* ASSIGNMENT *
Please, starting at the line that contains "Istakoz Balıkçılığı (renkli", reproduce every line exactly until the records run out, skipping all pictures.

* Records contained in a dataset *
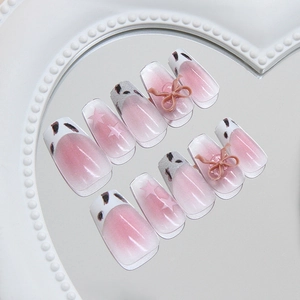 Press On Nails Leopard Print Cat Eye Gradient Pink Coffin Shape ABS Plastic With 3D Bowknot And Star For Women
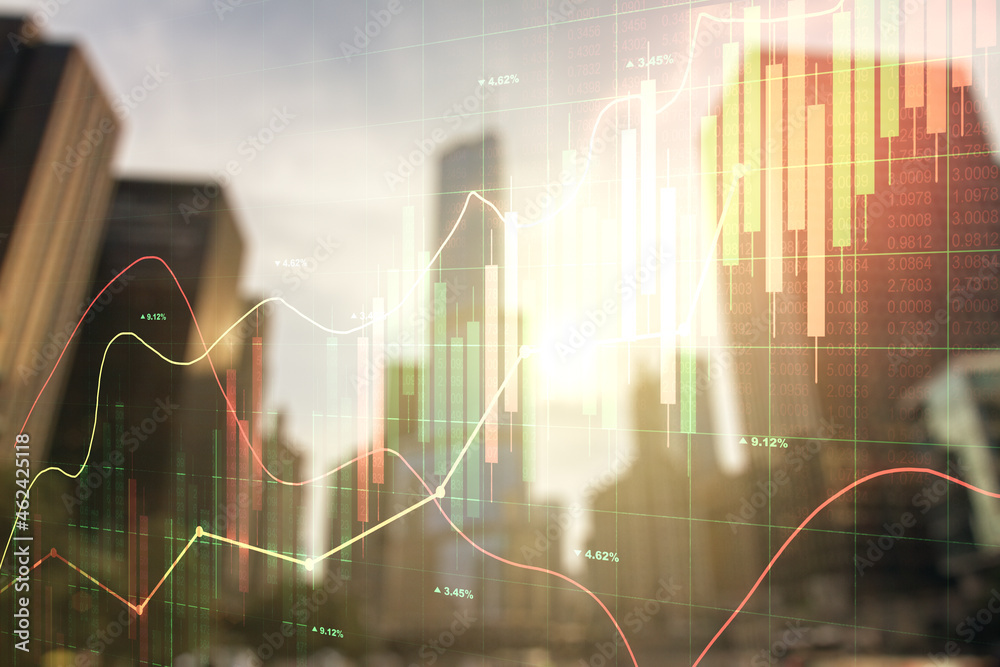 Multi exposure of abstract financial diagram on office buildings background, banking and accounting concept Multi exposure of abstract financial diagram on office buildings background, banking and accounting concept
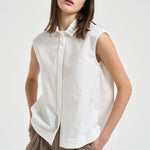 Camicia donna smanicata bianca A06733 8928C01C PESERICO 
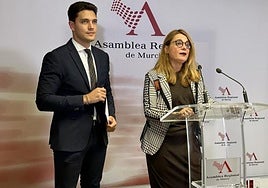 Juan Andrés Torres y Virginia Lopo, en una rueda de prensa en la Asamblea.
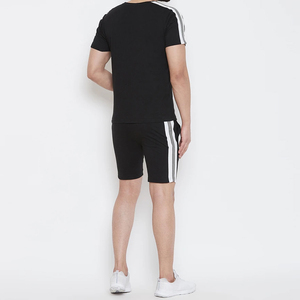 Men's <b>Cream</b> Striped <b>T</b>-<b>Shirt</b> And Shorts Set Crew Neck Knitted Casual Summer Wear Breathable Streetwear - Product Image 5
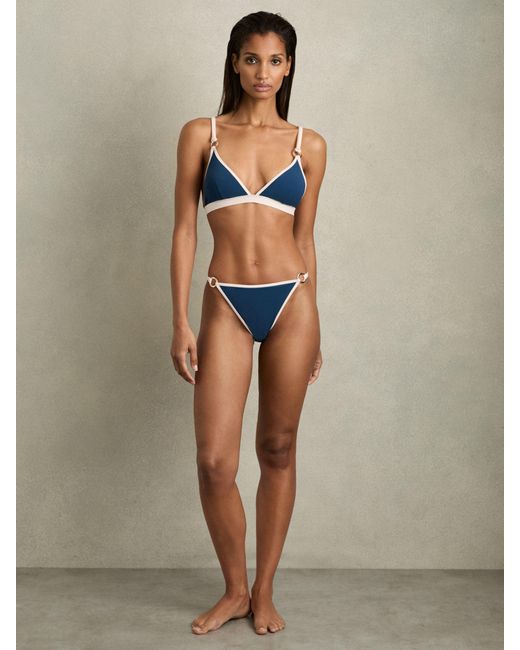 Reiss Natural Bianca - Blue/white Contrast-trim Bikini Bottoms, Us 12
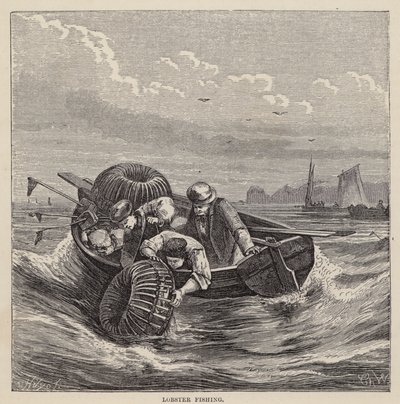 Istakoz Balıkçılığı (renkli gravür) by Friedrich Specht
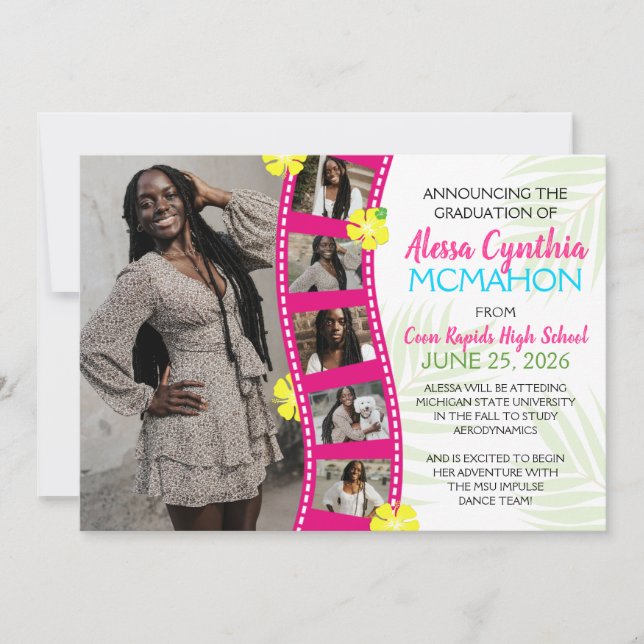 Tropical Luau Filmstrip 6 Photo Grad Announcement (Front)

* WRITTEN REPLY *
 Istakoz Balıkçılığı (renkli gravür) by Friedrich Specht
 Tropical Luau Filmstrip 6 Photo Grad Announcement (Front)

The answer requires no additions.